Hobbes sostiene que el poder soberano debe ser absoluto, ya que solo un soberano con autoridad ilimitada puede garantizar la paz y la estabilidad. Cualquier fragmentación del poder, como las luchas internas entre diferentes ramas del gobierno o las sublevaciones populares, debilita el control del soberano y conduce inevitablemente a la corrupción y el caos. En este sentido, la corrupción no solo ocurre a nivel individual, sino que también puede suceder cuando el poder político se fragmenta o se debilita. Por ello, rechaza cualquier forma de gobierno que limite el poder del soberano, como las democracias o las repúblicas, ya que considera que fomentan la discordia y las divisiones internas, lo que facilita la corrupción. En lugar de eso, propone una monarquía absoluta o una soberanía total para mantener el orden social.

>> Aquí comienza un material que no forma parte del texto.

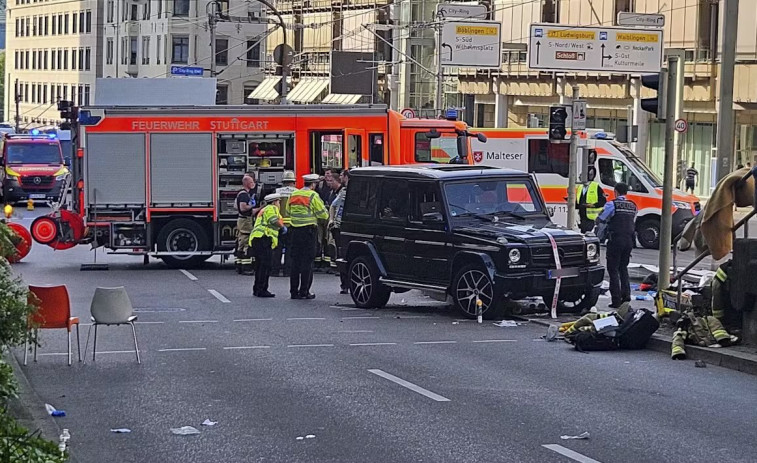 Terror en Stuttgart: un coche atropella a una multitud en pleno centro de la ciudad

Si bien Hobbes no utiliza el término “corrupción” en el sentido moderno, su teoría política implica una visión de la corrupción como una desviación del orden natural y la paz social debido a la fragmentación del poder o la falta de autoridad efectiva, es esencialmente un retorno a la condición natural de conflicto e inseguridad. La corrupción, entonces, no es simplemente la conducta deshonesta de los individuos en el poder, sino un problema sistémico que ocurre cuando el contrato social se rompe o cuando el soberano pierde su capacidad de imponer el orden. Por ejemplo, una sociedad que permite la disputa de facciones o la disolución de la autoridad central tiende hacia la corrupción y el caos.

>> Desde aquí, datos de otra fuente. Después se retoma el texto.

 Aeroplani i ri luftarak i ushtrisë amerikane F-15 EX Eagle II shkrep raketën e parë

La única manera de evitar la corrupción es garantizar la centralización del poder en una autoridad soberana fuerte y absoluta. Para él, cualquier intento de limitar este poder –como la división de poderes o la implementación de controles democráticos– genera inevitablemente corrupción y conflicto. La fuerza del Leviatán (la entidad soberana) debe ser tal que pueda imponer leyes y castigar a quienes las violen, asegurando así que los individuos actúen en beneficio del bien común, aunque solo sea por temor al castigo.

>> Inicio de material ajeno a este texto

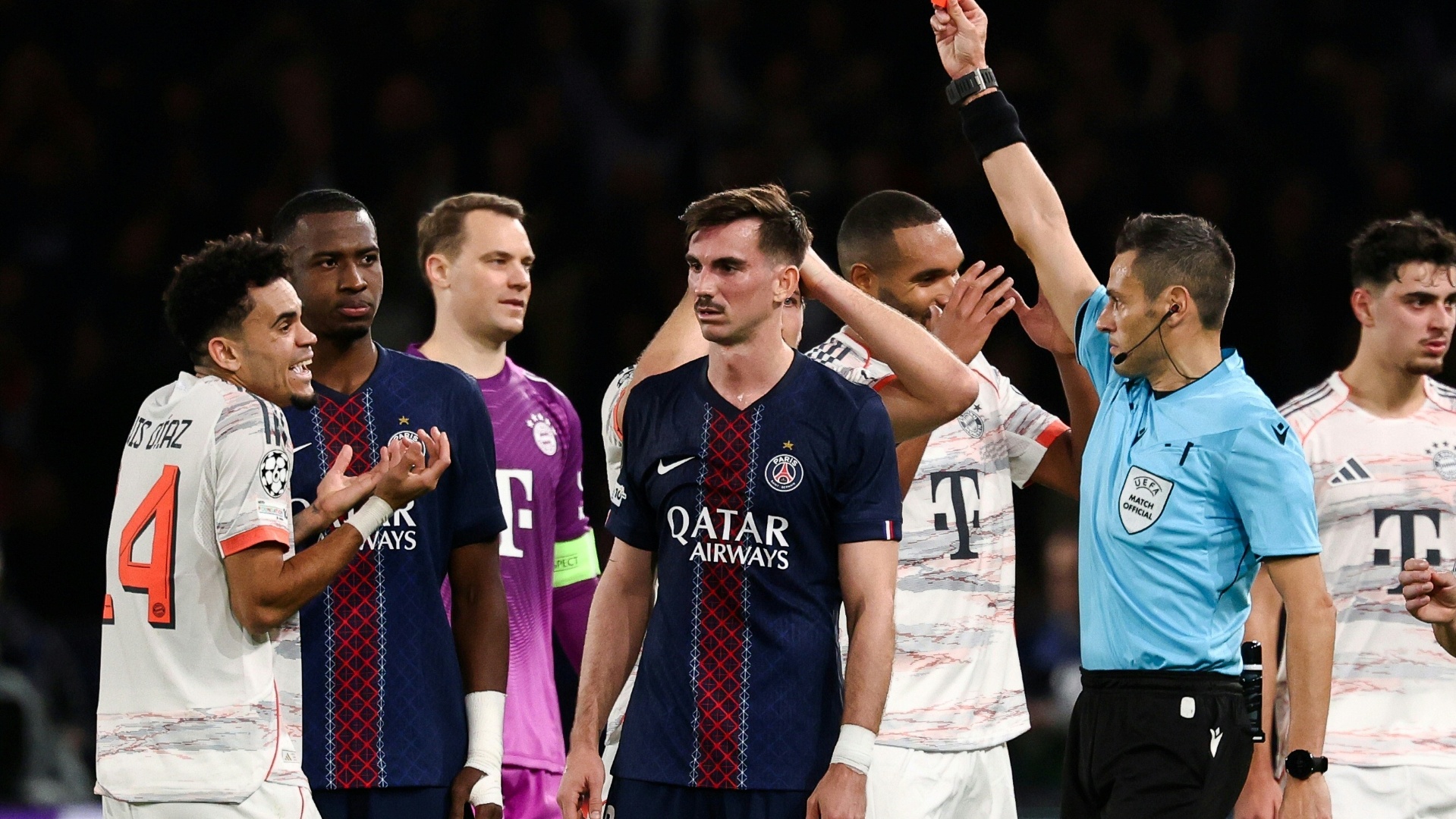 UEFA verhängt Dreispielsperre gegen Luis Díaz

Hobbes no se preocupa por la moralidad del soberano ni por si actúa de forma “corrupta” según estándares modernos, sino por su capacidad de mantener el orden. Para él, un gobierno es legítimo si garantiza paz y seguridad, sin importar si el soberano se beneficia o si es opresivo. De hecho, lo peor que puede ocurrir sería la disolución del poder soberano, que llevaría al caos del estado natural. Desde la perspectiva hobbesiana, la falta de gobernabilidad y la división del poder en facciones conflictivas fomentan la corrupción política y el conflicto social. La solución es un poder soberano absoluto, que imponga orden en una sociedad naturalmente egoísta y propensa al caos. Cabe preguntarse entonces: ¿Hasta qué punto la corrupción que enfrentamos hoy refleja la debilidad del poder soberano y la fragmentación política, tal como lo predecía Hobbes?